In a \(\varLambda \)CDM scenario, the Hubble function H(z) is given by the first Freedman equation,

$$\begin{aligned} H(z) = H_{0} \sqrt{\varOmega _{m} (1+z)^{3} + \varOmega _{k} (1+z)^{2} + \varOmega _{\varLambda }} . \end{aligned}$$
(36)

In our analysis, we assume as our fiducial background cosmology the one from the latest release of the Planck survey [1], with \(\varOmega _m = 0.308\), \(H_0 = 67.89\) and \(\varOmega _k=0\) (from which \(\varOmega _{\varLambda } = 1-\varOmega _m\)). It is important to note here that we are implicitly assuming that the non-local model we are analyzing behaves on cosmological scales as this chosen \(\varLambda \)CDM one, at least effectively. Any cosmological implication and analysis is out of the scopes of this paper, however it is worth noticing that, according to the Deser and Woodard model [28] which we are essentially adopting here, using non-local term is a natural way to address dark energy behaviour and recover the observed late universe (see also [22]. In this perspective, assuming \(\varLambda \)CDM is in agreement with this result.

It is generally verified that the distances \(D_{L}\) and \(D_{LS}\) are much larger than the physical extension of the lens, so that the latter can be approximated as a two-dimensional system (“thin-lens” approximation). In such a configuration the relation among the angular position of the source \((\mathbf {\theta }_{s})\) and the angular position of the image \((\mathbf {\theta })\) is given by the lens equation:

$$\begin{aligned} \mathbf {\beta } = \mathbf {\theta } - \frac{D_{LS}}{D_S}\, \hat{\mathbf {\alpha }}(\mathbf {\theta }) , \end{aligned}$$
(37)

where \({\hat{\mathbf {\alpha }}}\) is the deflection angle, which, in GR, is defined as:

$$\begin{aligned} \hat{\mathbf {\alpha }} = \frac{2}{c^{2}} \int _{-\infty }^{+\infty } \mathbf {\nabla }_{\perp } \varPhi \mathrm {d}z , \end{aligned}$$
(38)

with \(\mathbf {\nabla }_{\perp }\) being the two-dimensional gradient operator perpendicular to the light propagation and z the line-of-sight direction.
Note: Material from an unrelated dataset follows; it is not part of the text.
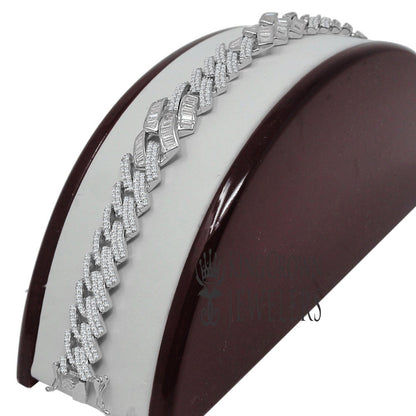 Mens Genuine White Gold Sterling Silver Baguette/Round Cut Simulated Diamond Miami Cuban Link Bracelet 8.5''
The deflection angle is then directly related to the quantity which we will use to constrain our model, the convergence

$$\begin{aligned} \kappa (R) \equiv \frac{1}{c^{2}} \frac{D_{LS}D_{L}}{D_{S}} \int _{-\infty }^{+\infty } \nabla ^{2}_{r} \varPhi (R,z)\mathrm {d}z \end{aligned}$$
(39)

where: R is the two-dimensional projected radius in the lens plane;Footnote 2\(r=\sqrt{R^2+z^2}\) is the three-dimensional radius; \(\nabla ^{2}_{r}\) is the Laplacian operator in spherical coordinates; and c is the speed of light. If we make use of the Poisson equation

$$\begin{aligned} \nabla ^{2}_{r} \varPhi = 4\pi G \rho (r)\, \end{aligned}$$
(40)

we then obtain the final expression for the convergence

$$\begin{aligned} \kappa (R) = \int _{-\infty }^{+\infty } \frac{4 \pi G}{c^{2}} \frac{D_{LS}D_{L}}{D_{S}} \rho (R,z)\mathrm {d}z \equiv \frac{\varSigma }{\varSigma _{cr}}\, \end{aligned}$$
(41)

where \(\varSigma (R)\) is the surface density of the lens, defined as

$$\begin{aligned} \varSigma (R) = \int _{\infty }^{+\infty } \rho (R,z) \mathrm {d}z , \end{aligned}$$
(42)

and \(\varSigma _{c}\) is the critical surface density for gravitational lensing,

$$\begin{aligned} \varSigma _{c} \, \equiv \, \frac{c^{2}}{4\pi G} \, \frac{D_{s}}{D_{ls}D_{l}} . \end{aligned}$$
(43)

If we want to generalize all the results which we have obtained so far, valid in GR, we must express the convergence in its most general form as

$$\begin{aligned} \kappa (R) \equiv \frac{1}{c^{2}} \frac{D_{LS}D_{L}}{D_{S}} \int _{-\infty }^{+\infty } \nabla ^{2}_{r} \left( \frac{\varPhi (R,z) + \varPsi (R,z)}{2}\right) \mathrm {d}z\,\nonumber \\ \end{aligned}$$
(44)

where the potentials \(\varPhi \) and \(\varPsi \) which we are going to use are those defined in Sect. 2.3.

3 The data

The data sets we use for our analysis are obtained from the CLASH program [41]. One of the main goals of the CLASH program was to precisely determine the mass density profiles of 25 high-mass galaxy clusters using deep multi-band HST imaging, in combination with wide-field weak-lensing observations [68]. The CLASH sample contains 20 hot X-ray clusters (\(>5\) keV) with nearly concentric X-ray isophotes and a well-defined X-ray peak located close to the brightest cluster galaxy (BCG). Notice that no lensing preselection was used to avoid a biased sample towards intrinsically concentrated clusters and those systems whose major axis is preferentially aligned with the line of sight. Cosmological hydrodynamical simulations suggest that the CLASH X-ray-selected subsample is mostly composed of relaxed systems (\(\sim 70\%\)) and largely free of such orientation bias [69]. Additionally, the CLASH sample has five clusters selected by their exceptional lensing strength so as to magnify galaxies at high redshift. These clusters often turn out to be dynamically disturbed systems [67].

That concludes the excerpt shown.